Stored items
- - - - -

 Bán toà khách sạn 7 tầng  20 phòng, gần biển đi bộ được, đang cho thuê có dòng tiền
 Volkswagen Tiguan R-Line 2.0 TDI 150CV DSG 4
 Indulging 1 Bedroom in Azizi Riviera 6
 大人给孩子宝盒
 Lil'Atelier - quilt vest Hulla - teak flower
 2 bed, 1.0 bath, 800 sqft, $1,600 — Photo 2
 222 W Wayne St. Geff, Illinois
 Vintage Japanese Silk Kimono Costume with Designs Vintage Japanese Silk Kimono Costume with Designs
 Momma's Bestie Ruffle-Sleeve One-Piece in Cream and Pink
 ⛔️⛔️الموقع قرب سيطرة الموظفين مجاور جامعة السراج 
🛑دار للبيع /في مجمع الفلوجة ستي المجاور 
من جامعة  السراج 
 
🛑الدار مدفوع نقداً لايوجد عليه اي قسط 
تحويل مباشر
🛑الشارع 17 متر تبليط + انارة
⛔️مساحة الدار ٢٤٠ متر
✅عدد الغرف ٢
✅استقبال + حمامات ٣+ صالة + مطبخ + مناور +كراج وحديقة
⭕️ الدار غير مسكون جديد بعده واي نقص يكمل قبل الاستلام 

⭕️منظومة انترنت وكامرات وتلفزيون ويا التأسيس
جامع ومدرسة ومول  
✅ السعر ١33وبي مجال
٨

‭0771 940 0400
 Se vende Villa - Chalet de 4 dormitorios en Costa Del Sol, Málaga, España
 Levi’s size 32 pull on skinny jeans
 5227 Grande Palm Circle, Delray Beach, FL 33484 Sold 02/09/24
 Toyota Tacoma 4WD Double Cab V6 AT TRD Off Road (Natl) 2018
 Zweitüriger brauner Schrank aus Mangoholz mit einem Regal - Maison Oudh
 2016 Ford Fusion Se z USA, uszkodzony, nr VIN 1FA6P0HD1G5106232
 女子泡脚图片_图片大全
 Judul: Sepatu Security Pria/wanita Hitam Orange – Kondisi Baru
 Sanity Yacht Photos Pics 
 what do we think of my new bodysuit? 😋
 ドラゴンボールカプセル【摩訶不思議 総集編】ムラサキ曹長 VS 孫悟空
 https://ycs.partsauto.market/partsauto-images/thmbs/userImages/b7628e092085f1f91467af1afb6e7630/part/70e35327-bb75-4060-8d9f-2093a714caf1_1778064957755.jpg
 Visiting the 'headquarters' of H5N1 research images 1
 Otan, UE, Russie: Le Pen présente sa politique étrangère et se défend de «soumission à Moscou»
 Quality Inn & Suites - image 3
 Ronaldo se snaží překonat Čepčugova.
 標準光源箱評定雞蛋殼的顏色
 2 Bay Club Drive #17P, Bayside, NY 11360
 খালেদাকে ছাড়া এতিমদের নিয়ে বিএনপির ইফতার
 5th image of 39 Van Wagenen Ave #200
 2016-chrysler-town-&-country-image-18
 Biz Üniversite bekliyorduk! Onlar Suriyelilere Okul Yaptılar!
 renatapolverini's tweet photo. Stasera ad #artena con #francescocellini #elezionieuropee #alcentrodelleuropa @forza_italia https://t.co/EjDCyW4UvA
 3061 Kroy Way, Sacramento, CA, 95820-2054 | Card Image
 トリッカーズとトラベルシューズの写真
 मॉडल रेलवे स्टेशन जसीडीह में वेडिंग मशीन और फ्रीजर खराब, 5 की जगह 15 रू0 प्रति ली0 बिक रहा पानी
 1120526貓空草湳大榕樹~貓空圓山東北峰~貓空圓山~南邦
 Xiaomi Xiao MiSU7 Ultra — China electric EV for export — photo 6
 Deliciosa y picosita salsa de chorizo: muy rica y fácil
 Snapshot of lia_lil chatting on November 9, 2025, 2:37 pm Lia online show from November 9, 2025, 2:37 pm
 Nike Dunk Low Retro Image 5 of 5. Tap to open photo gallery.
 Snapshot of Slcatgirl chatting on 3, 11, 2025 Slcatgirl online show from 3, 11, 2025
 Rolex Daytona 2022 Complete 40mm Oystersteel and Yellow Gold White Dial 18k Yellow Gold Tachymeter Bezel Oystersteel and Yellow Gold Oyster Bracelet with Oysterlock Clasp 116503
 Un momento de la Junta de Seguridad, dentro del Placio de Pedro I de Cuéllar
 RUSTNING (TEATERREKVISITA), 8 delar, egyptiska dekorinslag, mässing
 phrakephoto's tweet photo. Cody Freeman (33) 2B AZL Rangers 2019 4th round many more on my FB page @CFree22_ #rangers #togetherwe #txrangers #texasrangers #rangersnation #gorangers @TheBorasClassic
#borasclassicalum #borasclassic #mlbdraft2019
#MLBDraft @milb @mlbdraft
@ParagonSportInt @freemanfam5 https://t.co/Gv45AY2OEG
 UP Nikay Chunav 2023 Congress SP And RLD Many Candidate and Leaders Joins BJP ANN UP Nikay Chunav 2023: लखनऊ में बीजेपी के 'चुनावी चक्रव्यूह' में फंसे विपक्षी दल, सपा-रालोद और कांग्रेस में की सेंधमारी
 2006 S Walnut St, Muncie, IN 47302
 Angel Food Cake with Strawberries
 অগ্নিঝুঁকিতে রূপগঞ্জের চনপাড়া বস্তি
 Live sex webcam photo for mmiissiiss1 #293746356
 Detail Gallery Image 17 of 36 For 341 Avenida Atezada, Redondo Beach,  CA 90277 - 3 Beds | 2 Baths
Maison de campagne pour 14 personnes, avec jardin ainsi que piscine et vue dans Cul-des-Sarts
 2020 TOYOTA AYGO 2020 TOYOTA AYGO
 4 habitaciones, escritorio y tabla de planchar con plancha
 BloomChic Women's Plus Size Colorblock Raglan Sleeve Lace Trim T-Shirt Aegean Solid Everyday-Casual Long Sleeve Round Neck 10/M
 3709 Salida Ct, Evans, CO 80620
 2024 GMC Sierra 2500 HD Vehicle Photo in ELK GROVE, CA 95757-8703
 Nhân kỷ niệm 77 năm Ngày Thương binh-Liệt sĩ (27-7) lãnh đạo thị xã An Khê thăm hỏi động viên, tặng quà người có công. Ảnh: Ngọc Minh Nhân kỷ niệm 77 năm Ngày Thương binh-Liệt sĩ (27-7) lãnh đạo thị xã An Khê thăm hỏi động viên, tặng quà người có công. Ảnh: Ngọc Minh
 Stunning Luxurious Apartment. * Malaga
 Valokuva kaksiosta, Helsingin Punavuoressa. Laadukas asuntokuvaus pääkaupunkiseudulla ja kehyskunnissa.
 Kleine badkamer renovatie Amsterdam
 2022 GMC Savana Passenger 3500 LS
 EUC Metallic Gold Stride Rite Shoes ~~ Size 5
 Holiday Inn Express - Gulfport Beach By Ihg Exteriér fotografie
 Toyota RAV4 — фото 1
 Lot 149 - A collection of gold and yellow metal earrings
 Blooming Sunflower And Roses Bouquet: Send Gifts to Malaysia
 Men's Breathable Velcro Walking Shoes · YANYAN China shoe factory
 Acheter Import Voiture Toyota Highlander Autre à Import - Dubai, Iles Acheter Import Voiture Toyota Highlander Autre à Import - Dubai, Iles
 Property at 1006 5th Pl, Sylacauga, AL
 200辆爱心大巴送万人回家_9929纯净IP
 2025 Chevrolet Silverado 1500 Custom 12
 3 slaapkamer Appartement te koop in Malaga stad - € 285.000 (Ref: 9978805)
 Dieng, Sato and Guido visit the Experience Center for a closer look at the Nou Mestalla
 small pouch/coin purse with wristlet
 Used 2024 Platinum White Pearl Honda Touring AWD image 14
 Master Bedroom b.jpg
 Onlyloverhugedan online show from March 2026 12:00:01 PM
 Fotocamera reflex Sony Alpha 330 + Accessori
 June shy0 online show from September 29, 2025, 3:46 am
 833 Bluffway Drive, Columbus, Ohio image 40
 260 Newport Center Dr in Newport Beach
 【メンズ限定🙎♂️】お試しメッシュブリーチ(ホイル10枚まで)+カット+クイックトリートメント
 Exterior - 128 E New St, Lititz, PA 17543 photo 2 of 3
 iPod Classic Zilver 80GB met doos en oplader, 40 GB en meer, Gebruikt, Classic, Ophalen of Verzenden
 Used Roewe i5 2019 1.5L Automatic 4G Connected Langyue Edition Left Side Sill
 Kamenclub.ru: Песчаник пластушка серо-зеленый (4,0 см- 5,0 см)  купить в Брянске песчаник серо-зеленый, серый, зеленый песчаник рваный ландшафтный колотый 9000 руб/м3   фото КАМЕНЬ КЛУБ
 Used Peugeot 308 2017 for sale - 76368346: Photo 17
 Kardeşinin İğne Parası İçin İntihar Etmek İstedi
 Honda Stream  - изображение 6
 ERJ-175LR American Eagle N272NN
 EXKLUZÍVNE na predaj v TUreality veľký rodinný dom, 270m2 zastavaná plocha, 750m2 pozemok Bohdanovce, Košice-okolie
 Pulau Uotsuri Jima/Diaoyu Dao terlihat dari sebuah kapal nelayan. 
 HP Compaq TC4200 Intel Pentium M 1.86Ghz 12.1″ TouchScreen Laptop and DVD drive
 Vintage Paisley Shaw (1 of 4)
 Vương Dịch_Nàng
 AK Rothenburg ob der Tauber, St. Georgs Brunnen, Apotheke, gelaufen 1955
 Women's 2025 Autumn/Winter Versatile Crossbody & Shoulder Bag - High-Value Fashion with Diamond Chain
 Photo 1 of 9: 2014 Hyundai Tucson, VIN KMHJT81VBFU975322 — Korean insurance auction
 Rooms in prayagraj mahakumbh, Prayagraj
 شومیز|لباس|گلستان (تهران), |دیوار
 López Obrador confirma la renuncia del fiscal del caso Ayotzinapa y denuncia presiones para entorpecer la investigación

- - - - -

[What this task involves]
Please print exactly what appears from the first line of the data through the line with "renatapolverini's tweet photo.", including both of those lines and nothing past them.

[Result of the exercise]
 Bán toà khách sạn 7 tầng  20 phòng, gần biển đi bộ được, đang cho thuê có dòng tiền
 Volkswagen Tiguan R-Line 2.0 TDI 150CV DSG 4
 Indulging 1 Bedroom in Azizi Riviera 6
 大人给孩子宝盒
 Lil'Atelier - quilt vest Hulla - teak flower
 2 bed, 1.0 bath, 800 sqft, $1,600 — Photo 2
 222 W Wayne St. Geff, Illinois
 Vintage Japanese Silk Kimono Costume with Designs Vintage Japanese Silk Kimono Costume with Designs
 Momma's Bestie Ruffle-Sleeve One-Piece in Cream and Pink
 ⛔️⛔️الموقع قرب سيطرة الموظفين مجاور جامعة السراج 
🛑دار للبيع /في مجمع الفلوجة ستي المجاور 
من جامعة  السراج 
 
🛑الدار مدفوع نقداً لايوجد عليه اي قسط 
تحويل مباشر
🛑الشارع 17 متر تبليط + انارة
⛔️مساحة الدار ٢٤٠ متر
✅عدد الغرف ٢
✅استقبال + حمامات ٣+ صالة + مطبخ + مناور +كراج وحديقة
⭕️ الدار غير مسكون جديد بعده واي نقص يكمل قبل الاستلام 

⭕️منظومة انترنت وكامرات وتلفزيون ويا التأسيس
جامع ومدرسة ومول  
✅ السعر ١33وبي مجال
٨

‭0771 940 0400
 Se vende Villa - Chalet de 4 dormitorios en Costa Del Sol, Málaga, España
 Levi’s size 32 pull on skinny jeans
 5227 Grande Palm Circle, Delray Beach, FL 33484 Sold 02/09/24
 Toyota Tacoma 4WD Double Cab V6 AT TRD Off Road (Natl) 2018
 Zweitüriger brauner Schrank aus Mangoholz mit einem Regal - Maison Oudh
 2016 Ford Fusion Se z USA, uszkodzony, nr VIN 1FA6P0HD1G5106232
 女子泡脚图片_图片大全
 Judul: Sepatu Security Pria/wanita Hitam Orange – Kondisi Baru
 Sanity Yacht Photos Pics 
 what do we think of my new bodysuit? 😋
 ドラゴンボールカプセル【摩訶不思議 総集編】ムラサキ曹長 VS 孫悟空
 https://ycs.partsauto.market/partsauto-images/thmbs/userImages/b7628e092085f1f91467af1afb6e7630/part/70e35327-bb75-4060-8d9f-2093a714caf1_1778064957755.jpg
 Visiting the 'headquarters' of H5N1 research images 1
 Otan, UE, Russie: Le Pen présente sa politique étrangère et se défend de «soumission à Moscou»
 Quality Inn & Suites - image 3
 Ronaldo se snaží překonat Čepčugova.
 標準光源箱評定雞蛋殼的顏色
 2 Bay Club Drive #17P, Bayside, NY 11360
 খালেদাকে ছাড়া এতিমদের নিয়ে বিএনপির ইফতার
 5th image of 39 Van Wagenen Ave #200
 2016-chrysler-town-&-country-image-18
 Biz Üniversite bekliyorduk! Onlar Suriyelilere Okul Yaptılar!
 renatapolverini's tweet photo. Stasera ad #artena con #francescocellini #elezionieuropee #alcentrodelleuropa @forza_italia https://t.co/EjDCyW4UvA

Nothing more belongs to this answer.